URCA: Spectrum auction begins

Mon, Sep 28th 2015, 10:33 PM

After some delay, and amid increasingly wild speculation, the Utilities Regulation and Competition Authority (URCA) announced yesterday that the spectrum auction for the selection of the second cellular licensee began yesterday morning, with Cable Bahamas Limited and Virgin Mobile Bahamas Limited participating.

The auction is a multi-round process with bidders placing ascending financial bids in each round, which will continue until there is a single remaining winning bidder. In the end, then, although URCA did not say it explicitly, winning the auction will come down to financial strength, and it is difficult for the public to judge which of the two candidates is stronger, given the absence of information in the public arena about Virgin Mobile Bahamas Limited.

As noted by Guardian Business in May 2015, the ownership of Virgin Mobile Bahamas remains hidden behind a veil of confidentiality. All that is ascertainable is that Virgin Mobile Company Limited was incorporated in The Bahamas on June 26, 2014 as company number 62806. The name Virgin Mobile Bahamas Limited was reserved on July 9, 2014, and the name was changed to Virgin Mobile Bahamas Ltd. on February 2, 2015. The company also paid the $1,000 fee for the year 2015 on that day. That is all. Cable Bahamas, however, is a publicly traded company that has had operating income of more than $22 million per year since 2010, and more than $29 million in two of those years.

URCA announced that the auction had begun yesterday afternoon, reiterating that in November 2014, Prime Minister Perry Christie, the minister responsible for the electronic communications sector (ECS), decided the method for allocating and pricing cellular mobile spectrum in accordance with Section 30 of the Communications Act, 2009. The government then initiated a competitive selection process that would result in the authorization of one additional cellular provider.

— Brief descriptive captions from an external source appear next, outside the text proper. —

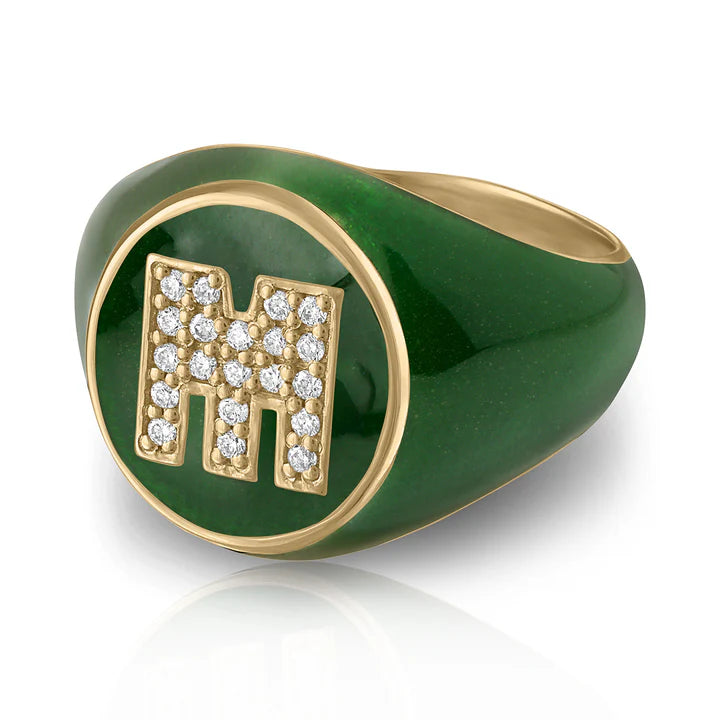 Spark Pinky Square Signet Ring with Horseshoe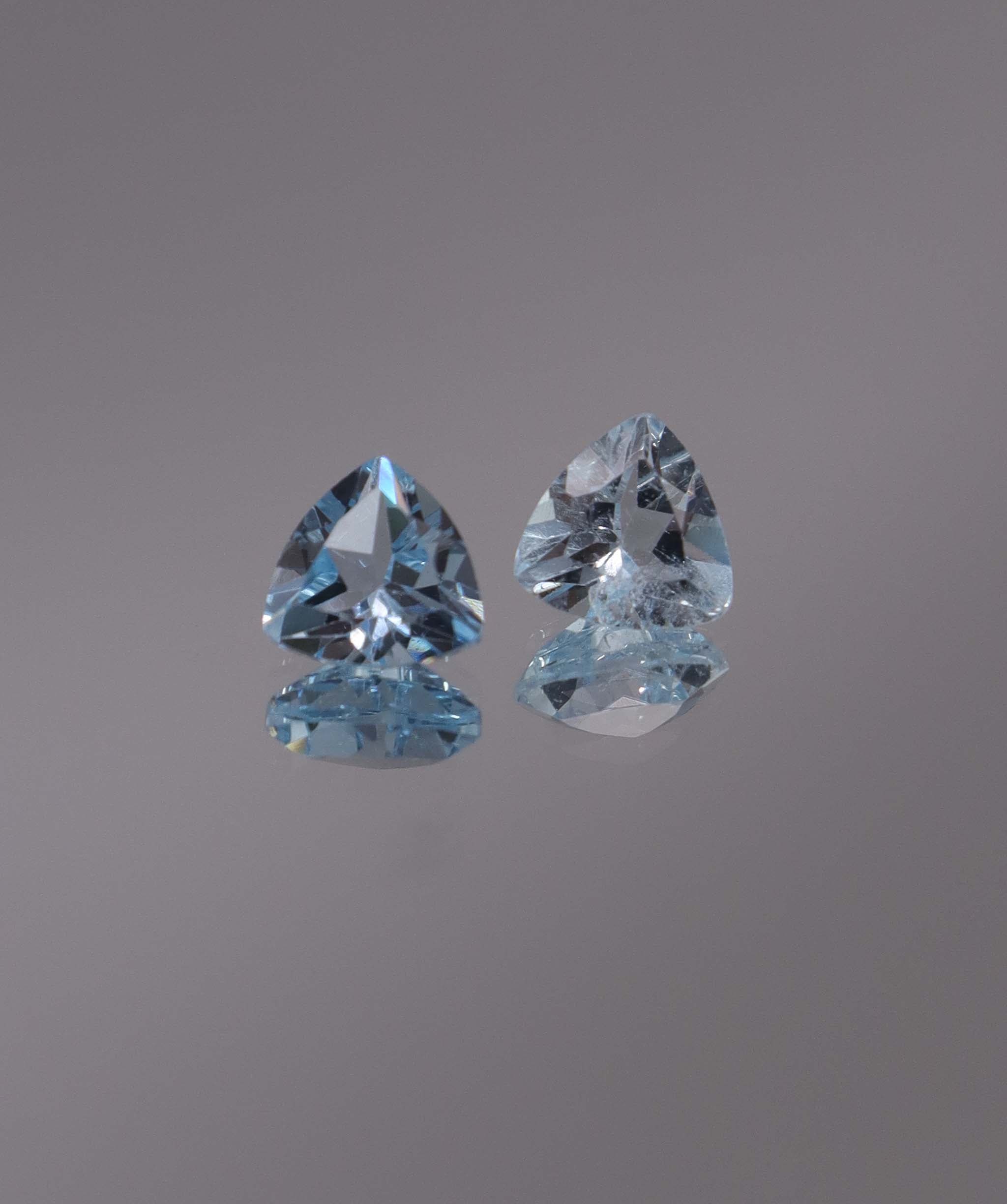 Luxury Promise 2.60ct Sky Blue Topaz Trillion pair DXBCS1215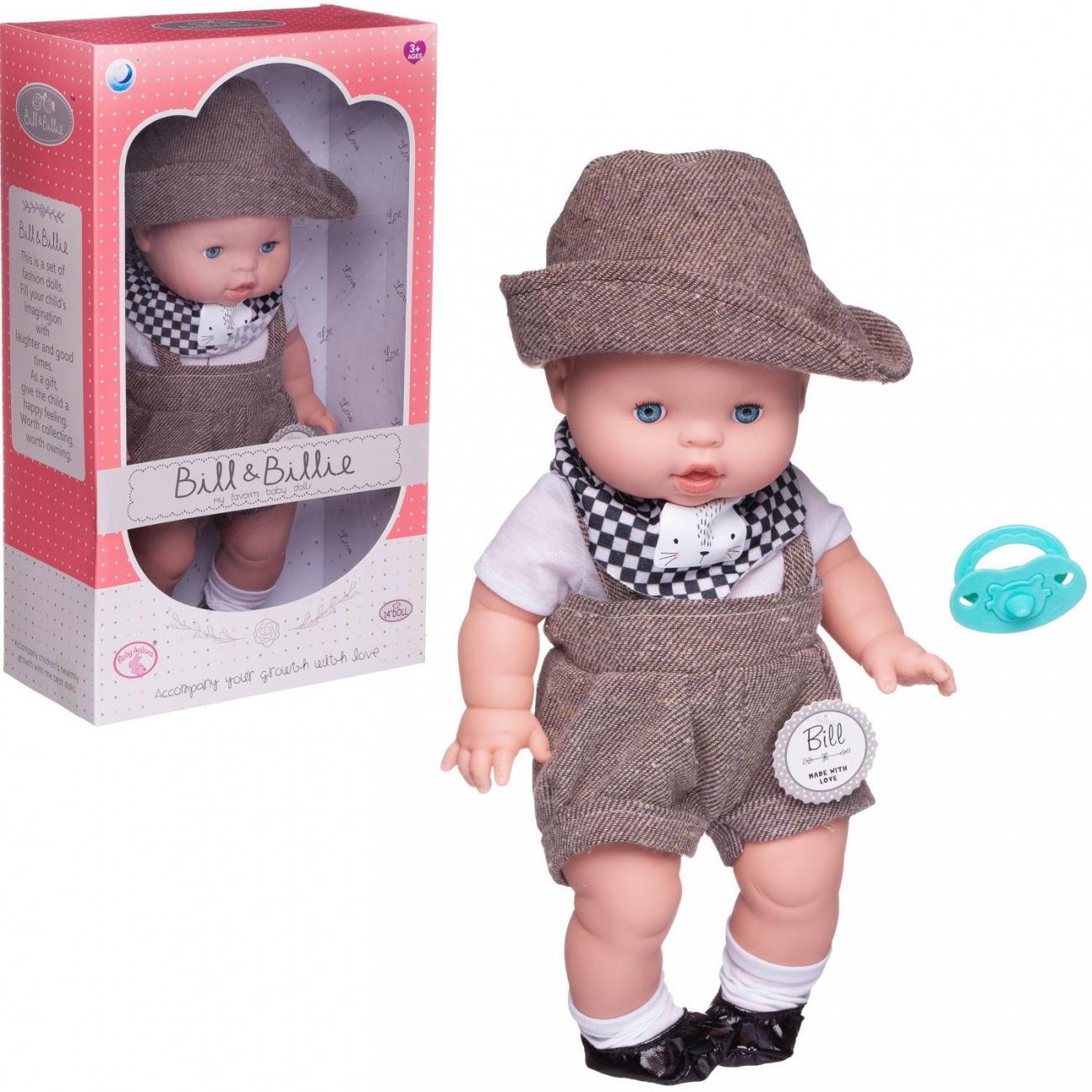 Пупс-кукла Junfa Baby Ardana в белой кофточке, серых шортиках и шляпке, с аксесс. 32см WJ-21824
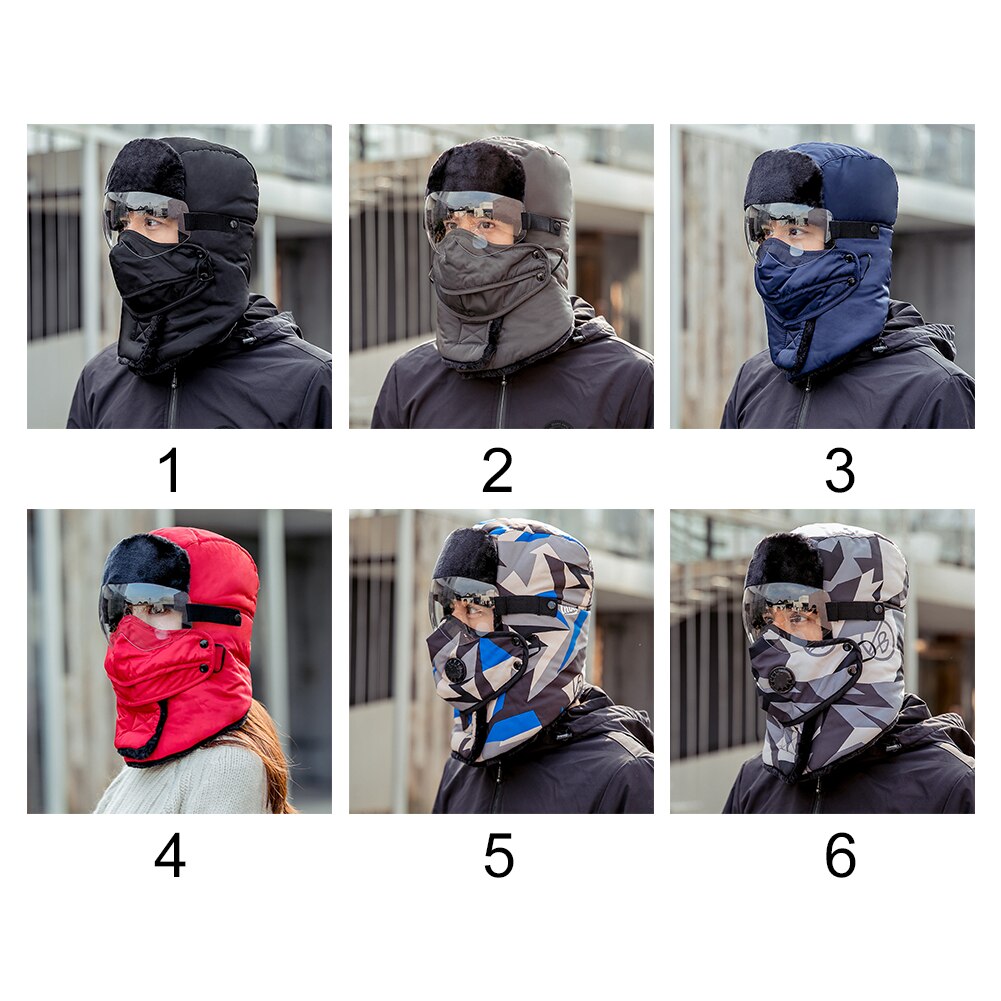 Winddicht Verstelbare Afneembare Gezicht Cover Outdoor Fietsen Camping Bomber Hoed Warm Houden Waterdichte Winter Volwassenen Met Bril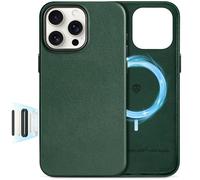 SHIELDON Genuine Leather Case for iPhone 16 Pro Max 5G 6.9", Evergreen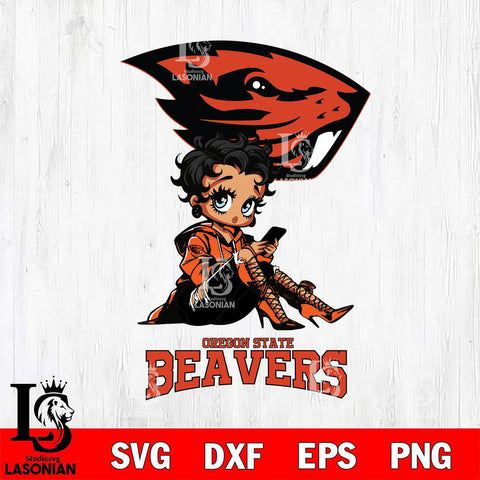 Oregon State Beavers Style Black Fan Girl Betty Boop, Svg Eps Dxf Png File, Digital Download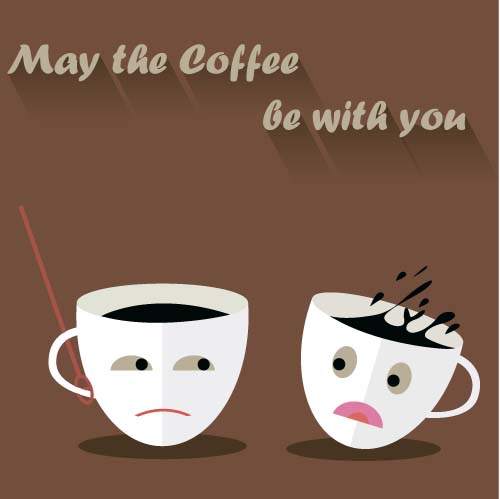 Funny coffee template design vector 01 Funny coffee template design vector 01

Guardian Business reported in May that the spectrum auction had been scheduled to begin at that time, but was delayed for undisclosed reasons. At the time, the process was already nearly three weeks past Prime Minister Christie's initial projection that the selection of the candidate would happen by the end of April 2015. Instead, as URCA reported yesterday, the technical assessment of proposals was completed in April 2015, executed and managed by the Cellular Liberalization Task Force (CLTF). That was phase one of a two-phase process, with the spectrum auction - for which URCA is responsible - being the second and final phase.

"At the conclusion of the auction, an announcement will be made in accordance with the process," URCA said. "The new cellular operator will require an individual operating license and an individual spectrum license from the Utilities Regulation and Competition Authority."